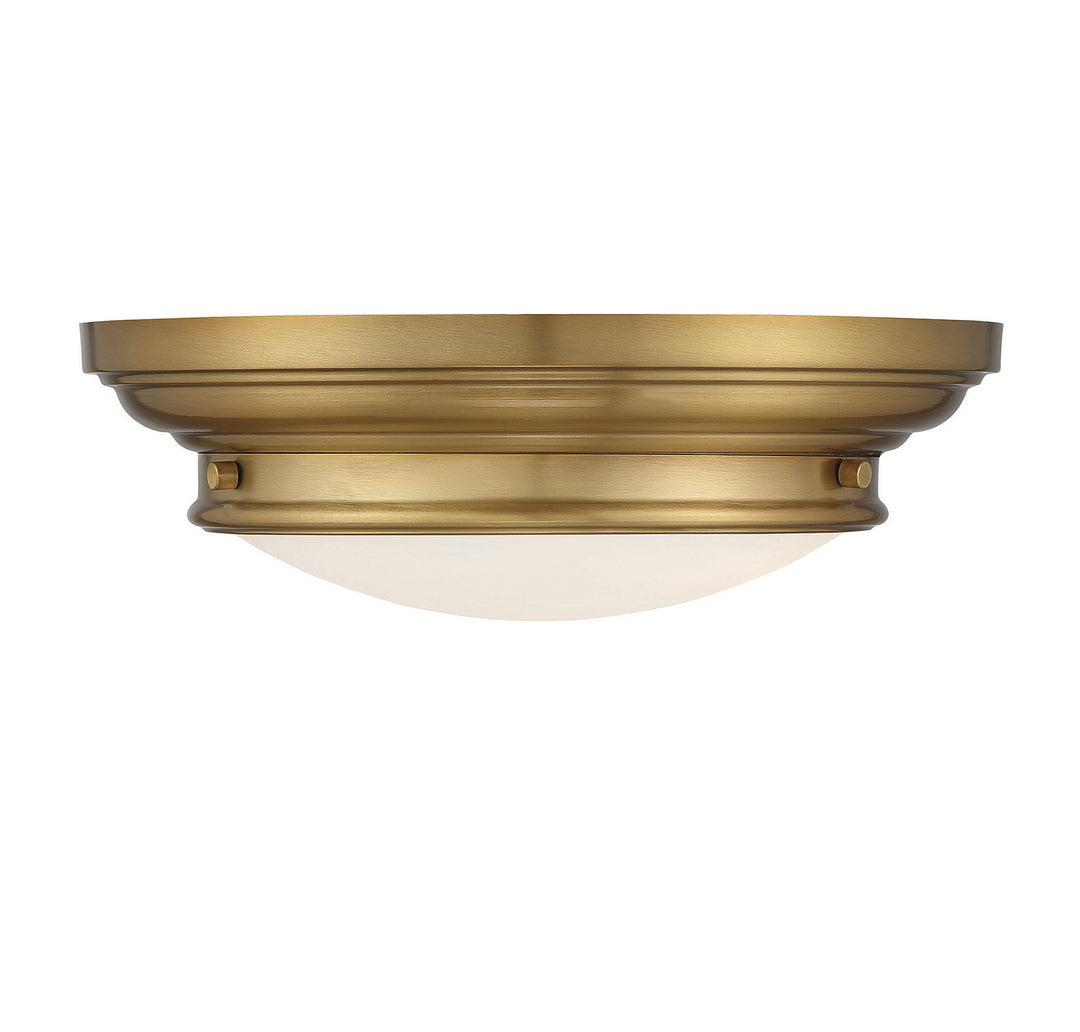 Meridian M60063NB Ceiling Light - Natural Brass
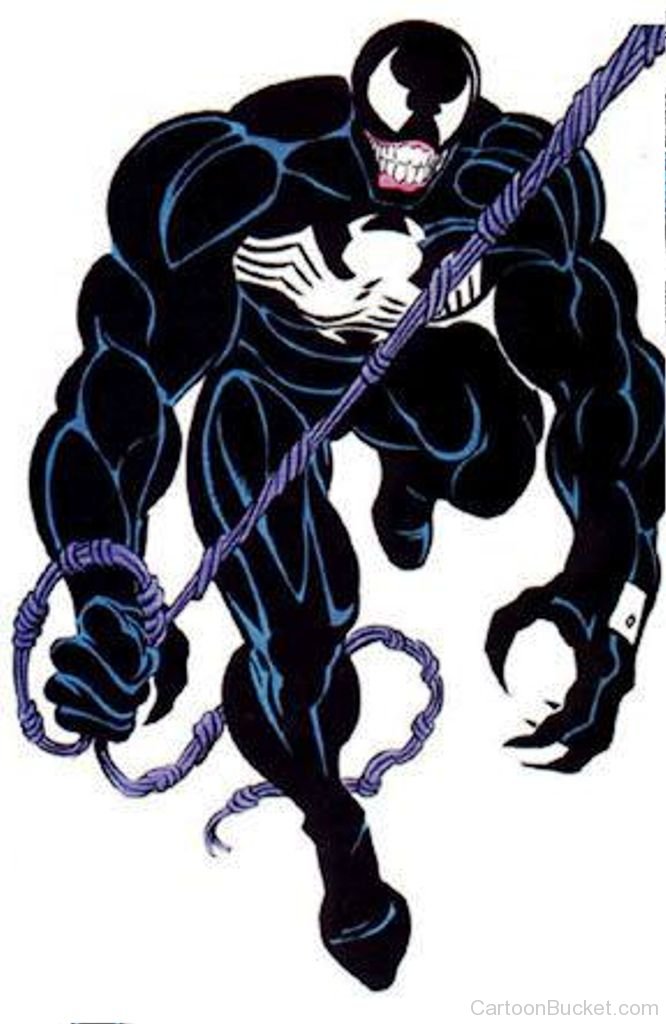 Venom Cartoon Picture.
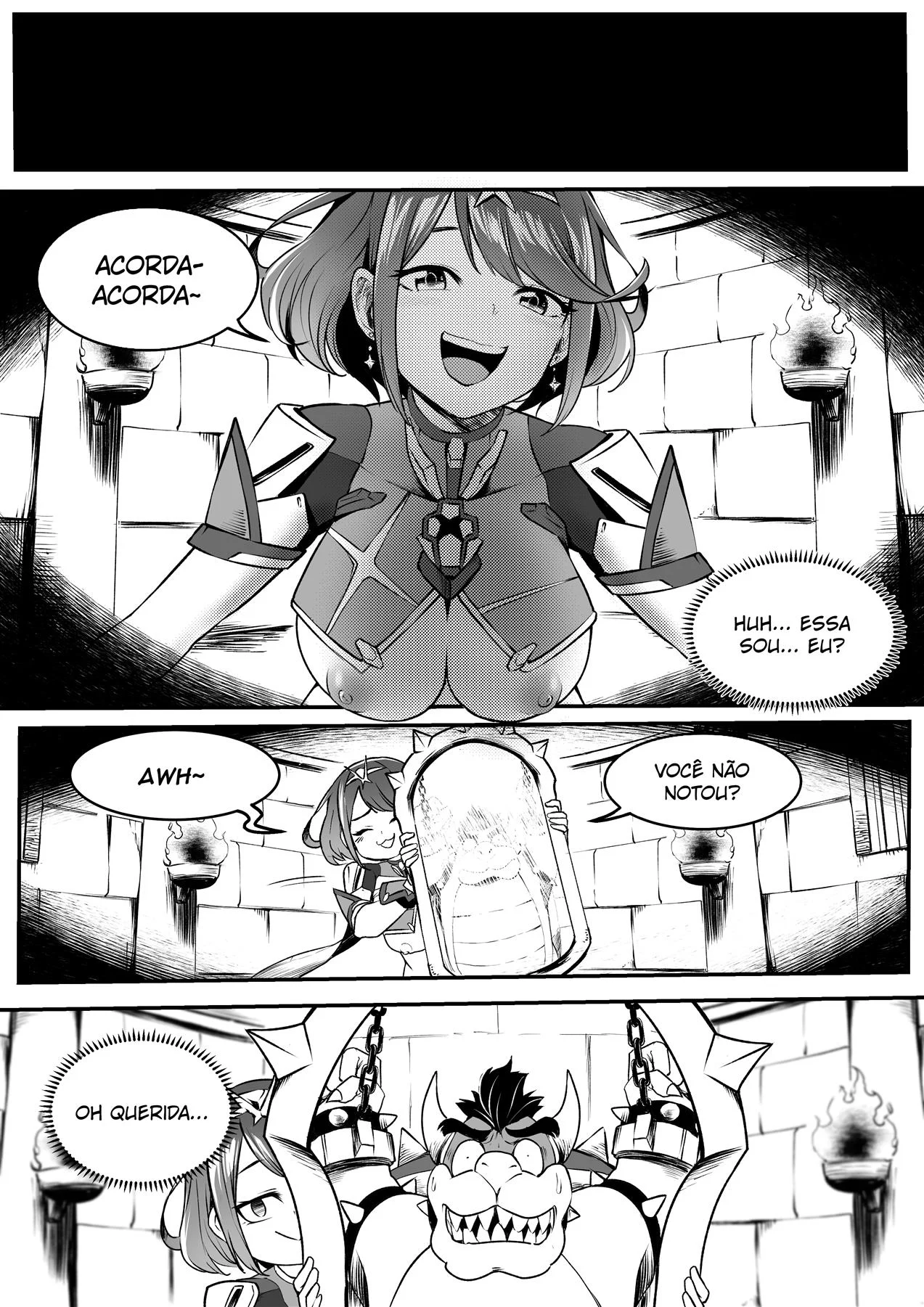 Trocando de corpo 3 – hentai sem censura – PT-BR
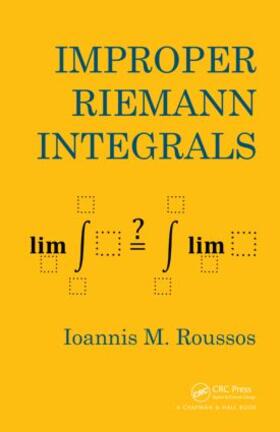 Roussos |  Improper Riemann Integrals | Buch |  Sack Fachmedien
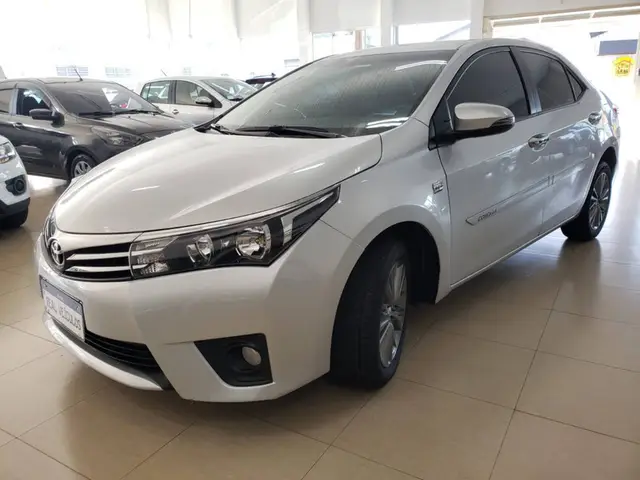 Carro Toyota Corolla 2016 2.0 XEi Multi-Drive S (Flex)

_Work instructions_
Word for word, return the records shown above without their pictures.

_Solution below_
 Meridian M60063NB Ceiling Light - Natural Brass
 Venom Cartoon Picture.
 Trocando de corpo 3 – hentai sem censura – PT-BR
 Roussos |  Improper Riemann Integrals | Buch |  Sack Fachmedien
 Carro Toyota Corolla 2016 2.0 XEi Multi-Drive S (Flex)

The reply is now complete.